“Yeah, we need to invent a crisis, and that’s not just an act of courage; there’s some skill involved.” —John Snobelen, Minister of Education, Ontario 1995
People of a certain age may remember when then-Ontario Education Minister John Snobelen, (in)famously a high school dropout, was caught ruminating about the need to create a crisis in education to justify its overhaul. He also referred to students as clients, parents as customers, and teachers as “front line service providers” in an interview forebodingly titled “For Whom the Bell Tolls” shortly after assuming this key role in Mike Harris’s Common Sense Revolution.
A push-poll was conducted, clearly designed to whip up public sentiment against public education. The Education Quality Improvement Act (Bill 160), funding cuts and centralization of authority followed. And at the end of October 1997, unions and the public rallied in a two week period of strikes and protests across Ontario.
On November 10, the strike ended when, one by one, education union leadership instructed members to return to work—despite polling indicating a majority of the public supported the teachers.
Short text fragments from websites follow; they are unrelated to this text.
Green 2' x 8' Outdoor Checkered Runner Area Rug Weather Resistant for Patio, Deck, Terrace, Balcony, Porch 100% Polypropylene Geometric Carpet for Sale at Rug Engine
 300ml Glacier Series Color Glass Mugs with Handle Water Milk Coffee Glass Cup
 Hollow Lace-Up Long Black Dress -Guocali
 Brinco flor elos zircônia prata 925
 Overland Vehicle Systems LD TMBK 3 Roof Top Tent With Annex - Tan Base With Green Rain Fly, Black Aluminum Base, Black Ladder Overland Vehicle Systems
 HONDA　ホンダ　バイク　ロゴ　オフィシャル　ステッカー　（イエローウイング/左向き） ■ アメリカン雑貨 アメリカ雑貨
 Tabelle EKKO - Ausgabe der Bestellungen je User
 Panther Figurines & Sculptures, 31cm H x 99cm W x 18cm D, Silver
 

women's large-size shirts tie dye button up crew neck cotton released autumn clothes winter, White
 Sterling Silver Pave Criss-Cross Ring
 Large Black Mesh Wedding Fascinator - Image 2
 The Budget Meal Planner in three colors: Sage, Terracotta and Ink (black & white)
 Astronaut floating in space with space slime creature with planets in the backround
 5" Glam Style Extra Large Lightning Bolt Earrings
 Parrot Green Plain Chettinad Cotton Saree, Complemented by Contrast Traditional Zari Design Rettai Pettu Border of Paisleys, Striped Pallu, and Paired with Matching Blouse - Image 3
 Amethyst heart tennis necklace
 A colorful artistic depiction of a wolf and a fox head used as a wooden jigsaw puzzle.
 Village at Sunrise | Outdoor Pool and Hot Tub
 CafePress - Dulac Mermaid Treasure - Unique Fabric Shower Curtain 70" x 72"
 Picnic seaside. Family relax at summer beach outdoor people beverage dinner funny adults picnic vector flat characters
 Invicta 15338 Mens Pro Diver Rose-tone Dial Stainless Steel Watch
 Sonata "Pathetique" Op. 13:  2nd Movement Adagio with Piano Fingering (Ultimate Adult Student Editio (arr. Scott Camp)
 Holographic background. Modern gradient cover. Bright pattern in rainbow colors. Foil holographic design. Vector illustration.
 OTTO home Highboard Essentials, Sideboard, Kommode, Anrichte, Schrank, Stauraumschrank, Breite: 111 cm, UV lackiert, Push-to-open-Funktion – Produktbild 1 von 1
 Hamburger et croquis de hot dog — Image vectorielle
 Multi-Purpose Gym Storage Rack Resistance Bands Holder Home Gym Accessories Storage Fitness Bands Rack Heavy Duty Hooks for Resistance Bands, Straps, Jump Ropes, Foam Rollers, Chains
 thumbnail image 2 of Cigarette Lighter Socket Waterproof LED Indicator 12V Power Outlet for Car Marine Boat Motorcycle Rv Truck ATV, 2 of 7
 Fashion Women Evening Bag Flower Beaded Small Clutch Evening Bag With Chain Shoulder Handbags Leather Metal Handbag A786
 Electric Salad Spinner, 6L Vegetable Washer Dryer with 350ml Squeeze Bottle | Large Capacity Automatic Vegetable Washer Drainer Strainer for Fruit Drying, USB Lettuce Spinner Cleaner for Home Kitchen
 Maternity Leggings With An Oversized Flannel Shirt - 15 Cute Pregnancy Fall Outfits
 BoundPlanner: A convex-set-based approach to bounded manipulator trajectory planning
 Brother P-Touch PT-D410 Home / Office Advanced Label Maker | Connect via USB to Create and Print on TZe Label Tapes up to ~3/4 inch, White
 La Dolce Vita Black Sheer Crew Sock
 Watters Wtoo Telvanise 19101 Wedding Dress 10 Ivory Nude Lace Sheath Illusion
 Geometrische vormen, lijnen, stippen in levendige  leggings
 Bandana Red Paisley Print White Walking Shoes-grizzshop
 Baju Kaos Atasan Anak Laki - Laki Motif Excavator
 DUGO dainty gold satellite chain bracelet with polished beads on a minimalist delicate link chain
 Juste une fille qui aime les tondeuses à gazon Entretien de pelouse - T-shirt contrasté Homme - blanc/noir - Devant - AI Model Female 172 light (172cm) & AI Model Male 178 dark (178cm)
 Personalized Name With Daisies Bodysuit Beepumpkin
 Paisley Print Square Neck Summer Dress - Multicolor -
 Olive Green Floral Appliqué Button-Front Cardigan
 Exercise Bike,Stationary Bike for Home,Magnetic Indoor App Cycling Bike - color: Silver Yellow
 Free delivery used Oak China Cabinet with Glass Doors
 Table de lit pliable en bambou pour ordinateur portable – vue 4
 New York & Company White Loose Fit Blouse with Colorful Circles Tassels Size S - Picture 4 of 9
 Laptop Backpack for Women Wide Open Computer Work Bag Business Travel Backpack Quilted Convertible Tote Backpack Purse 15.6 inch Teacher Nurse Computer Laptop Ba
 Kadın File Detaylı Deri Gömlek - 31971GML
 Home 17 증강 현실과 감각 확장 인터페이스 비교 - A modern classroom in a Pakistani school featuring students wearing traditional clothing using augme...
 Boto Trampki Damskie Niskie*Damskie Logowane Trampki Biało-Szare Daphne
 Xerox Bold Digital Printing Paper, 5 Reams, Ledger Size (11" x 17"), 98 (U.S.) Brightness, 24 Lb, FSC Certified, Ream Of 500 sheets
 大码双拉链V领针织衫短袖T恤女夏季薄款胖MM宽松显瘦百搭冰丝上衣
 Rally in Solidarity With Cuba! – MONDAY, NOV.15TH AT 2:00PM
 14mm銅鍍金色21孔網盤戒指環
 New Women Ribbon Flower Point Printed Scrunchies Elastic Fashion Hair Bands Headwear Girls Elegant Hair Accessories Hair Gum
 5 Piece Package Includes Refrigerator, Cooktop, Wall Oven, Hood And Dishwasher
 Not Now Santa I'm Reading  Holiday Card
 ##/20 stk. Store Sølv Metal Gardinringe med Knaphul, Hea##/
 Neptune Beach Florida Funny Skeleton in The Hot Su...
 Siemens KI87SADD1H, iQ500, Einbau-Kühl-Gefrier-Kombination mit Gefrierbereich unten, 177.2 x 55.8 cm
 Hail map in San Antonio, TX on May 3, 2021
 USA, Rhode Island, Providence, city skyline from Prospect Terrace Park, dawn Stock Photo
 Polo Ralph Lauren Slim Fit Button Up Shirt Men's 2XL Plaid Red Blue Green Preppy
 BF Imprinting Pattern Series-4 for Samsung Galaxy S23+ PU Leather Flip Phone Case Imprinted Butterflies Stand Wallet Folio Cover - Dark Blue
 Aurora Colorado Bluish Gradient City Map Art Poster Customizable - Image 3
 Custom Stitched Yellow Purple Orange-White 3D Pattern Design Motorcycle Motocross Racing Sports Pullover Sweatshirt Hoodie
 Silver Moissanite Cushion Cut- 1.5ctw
And on December 1, 1997, Bill 160 became law.
Cuts to public education In Ontario—or across Canada, for that matter, as provincial governments follow a similar template—did not begin in December 1997. And they certainly didn’t end when the Ontario Conservatives were voted out in 2003. But this period is a reminder of what’s at stake when we assume progress, or support for the public institutions that make progress possible, is a given. And it provides a useful and increasingly relevant roadmap of the regressive forces that have never vanished, particularly when it comes to limiting their influence and authority.
Public institutions and infrastructure hold a mirror up to society and are also expected to compensate for (or absorb) society’s inadequacies. The first role—as a mirror—reflects how the State has either invested in and supported communities, particularly those most vulnerable—or not. The second role is indicative of what happens when the State neglects its first responsibility, and how public services (and those who staff them) are expected to respond, often with fewer and fewer resources, in some cases as the last line of defence against the ferocity of neoliberalism.
Inequality is skyrocketing. Wages are not keeping pace with basic needs. Housing is increasingly financialized. Provincial and federal governments aren’t doing even the bare minimum to deal with the crisis in post-secondary education and training. Cuts to the federal public service stand to decimate programs that we all depend on—to massively increase funding to National Defence.
This is where public education is situated—at a time when provincial governments continue to underfund and underresource, as class sizes grow, as special needs programs are shortchanged, and as control is centralized.
And as educators, students and their families pay the price—in communities across the country.
The authors in this issue explore what students, educators and school communities are grappling with in the absence of provincial leadership that sees public education as a system and a service to be prioritized rather than a budget to be decimated.
From rising violence, to pronoun wars, to the denigration of certain degrees as akin to “basketweaving,” to book bans, to (more) cuts to student assistance, to governments using mechanisms to sidestep their legal obligations, public institutions are under attack.
But as these articles also demonstrate, workers are pushing back, in defense of their rights and in defense of the public education system and the students and communities it services.
It bears mentioning that 30 years later we are exactly where advocates warned us we would be when John Snobelen waxed poetic about creating a crisis in education. The difference is that subsequent provincial governments right across the country—within a federal framework that seems intent to willingly shrink to a bathtub sized version of itself (google Grover Norquist)—have steadily, relentlessly chipped away at the funding infrastructure that keeps our schools viable, and the democratic mechanisms that help ensure public responsiveness and community engagement, under the rhetorical guise of “efficiency” and “accountability.”
If we are to learn anything from the decades of activism, it is that progress is never a given, that the fight for justice and equality is ongoing, and that building empathetic and compassionate communities is a full time commitment.
We are as indebted as we were back in the 90s to those who continue to remind us, every day, in word and deed, that while the stakes are high, so too must be our standards when it comes to shaping the world as we want it to be….and what we must do to get there.